Tougher new rules on pre-schools have been proposed by the Early Childhood Development Agency, a government body which oversees childcare centres and kindergartens here.
They include larger penalties for not meeting licensing conditions like the staff-child ratio , and requiring a security bond for new operators or those with poor records.
These come at a time when the Government has been trying to meet high demand for childcare as well as improve its affordability and quality. The laws will regulate childcare centres and kindergartens, which now respectively come under the Child Care Centres Act and Education Act, both enacted in the 1980s.
Regulation is important in order to have consistent standards in a sector that is highly fragmented, with hundreds of operators running over 1,500 childcare centres and kindergartens.
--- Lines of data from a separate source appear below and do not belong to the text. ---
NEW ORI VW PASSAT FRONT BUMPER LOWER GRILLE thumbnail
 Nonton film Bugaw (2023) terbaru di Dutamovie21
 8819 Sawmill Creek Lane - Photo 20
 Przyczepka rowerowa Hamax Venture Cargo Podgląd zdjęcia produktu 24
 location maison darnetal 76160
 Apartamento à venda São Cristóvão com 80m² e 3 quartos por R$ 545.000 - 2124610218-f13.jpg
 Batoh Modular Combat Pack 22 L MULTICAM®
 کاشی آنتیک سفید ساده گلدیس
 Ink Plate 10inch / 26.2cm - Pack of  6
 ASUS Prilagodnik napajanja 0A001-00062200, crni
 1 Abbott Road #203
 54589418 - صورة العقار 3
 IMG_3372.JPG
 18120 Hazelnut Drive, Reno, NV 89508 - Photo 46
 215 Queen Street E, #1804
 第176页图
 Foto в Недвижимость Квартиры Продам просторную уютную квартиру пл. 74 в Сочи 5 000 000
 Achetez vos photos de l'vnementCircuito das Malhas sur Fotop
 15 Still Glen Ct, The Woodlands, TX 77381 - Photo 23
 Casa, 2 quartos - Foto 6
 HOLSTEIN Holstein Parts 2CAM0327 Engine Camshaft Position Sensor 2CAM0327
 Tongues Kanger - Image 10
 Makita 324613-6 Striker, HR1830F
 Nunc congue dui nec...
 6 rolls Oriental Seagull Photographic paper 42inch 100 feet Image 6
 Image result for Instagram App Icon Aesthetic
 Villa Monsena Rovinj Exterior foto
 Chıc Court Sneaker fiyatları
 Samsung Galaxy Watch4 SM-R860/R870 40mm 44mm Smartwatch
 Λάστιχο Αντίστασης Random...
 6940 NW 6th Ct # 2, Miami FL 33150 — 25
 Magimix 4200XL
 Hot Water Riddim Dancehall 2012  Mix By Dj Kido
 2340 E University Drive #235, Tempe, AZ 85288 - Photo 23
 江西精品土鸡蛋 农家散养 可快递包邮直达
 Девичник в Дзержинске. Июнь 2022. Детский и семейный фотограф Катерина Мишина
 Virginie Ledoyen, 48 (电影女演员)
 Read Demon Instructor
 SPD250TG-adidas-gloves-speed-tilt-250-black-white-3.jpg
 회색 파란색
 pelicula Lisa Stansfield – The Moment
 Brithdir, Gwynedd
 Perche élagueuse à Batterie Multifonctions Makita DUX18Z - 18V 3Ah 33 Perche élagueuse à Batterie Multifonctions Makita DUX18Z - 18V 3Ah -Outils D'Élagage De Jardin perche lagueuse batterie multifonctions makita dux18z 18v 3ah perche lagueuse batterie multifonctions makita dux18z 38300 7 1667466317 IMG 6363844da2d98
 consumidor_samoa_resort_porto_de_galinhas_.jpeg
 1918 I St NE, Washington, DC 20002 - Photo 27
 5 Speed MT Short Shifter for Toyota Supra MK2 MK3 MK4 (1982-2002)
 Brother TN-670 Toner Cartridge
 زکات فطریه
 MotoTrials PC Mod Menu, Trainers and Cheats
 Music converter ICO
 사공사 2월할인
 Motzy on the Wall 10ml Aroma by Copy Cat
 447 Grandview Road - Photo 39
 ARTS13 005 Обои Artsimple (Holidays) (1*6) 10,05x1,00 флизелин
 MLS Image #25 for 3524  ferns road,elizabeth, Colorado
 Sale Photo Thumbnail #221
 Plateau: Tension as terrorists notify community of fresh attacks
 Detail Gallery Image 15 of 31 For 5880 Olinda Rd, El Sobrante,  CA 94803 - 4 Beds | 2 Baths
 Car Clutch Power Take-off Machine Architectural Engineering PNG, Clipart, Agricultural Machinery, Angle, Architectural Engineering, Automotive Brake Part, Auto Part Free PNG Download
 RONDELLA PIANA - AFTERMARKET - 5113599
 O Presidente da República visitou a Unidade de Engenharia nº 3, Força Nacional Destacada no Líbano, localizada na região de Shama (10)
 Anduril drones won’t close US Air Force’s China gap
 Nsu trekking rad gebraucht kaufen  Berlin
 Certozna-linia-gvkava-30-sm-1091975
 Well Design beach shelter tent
Parents can have greater peace of mind, knowing that their child's pre-school - regardless of its brand or fees - meets quality criteria set by the authorities.
But it can be tricky to ensure that the amount of regulation is just right and not too stifling.
As The Straits Times reported yesterday, industry players have deemed some of the rules to be "punitive". Under the proposals, a fine of up to $5,000 could be imposed for administrative breaches, such as not keeping a register of particulars of staff members or children enrolled.
Operators say such breaches should not warrant fines as they do not concern the safety or well-being of children. Experts say the punitive measures could discourage people from joining or staying in the pre-school sector, which faces a manpower crunch.
Teachers may lose job satisfaction because of the administrative work or, worse, feel stressed - at the expense of providing quality care.
It will be challenging to get the proposed rules right, so that the authorities can regulate the sector while supporting teachers in fulfilling their roles.
The quality of care depends on the curriculum, environment, and the caregivers - the teachers - too. If teachers can't have peace of mind, it is likely that parents won't either.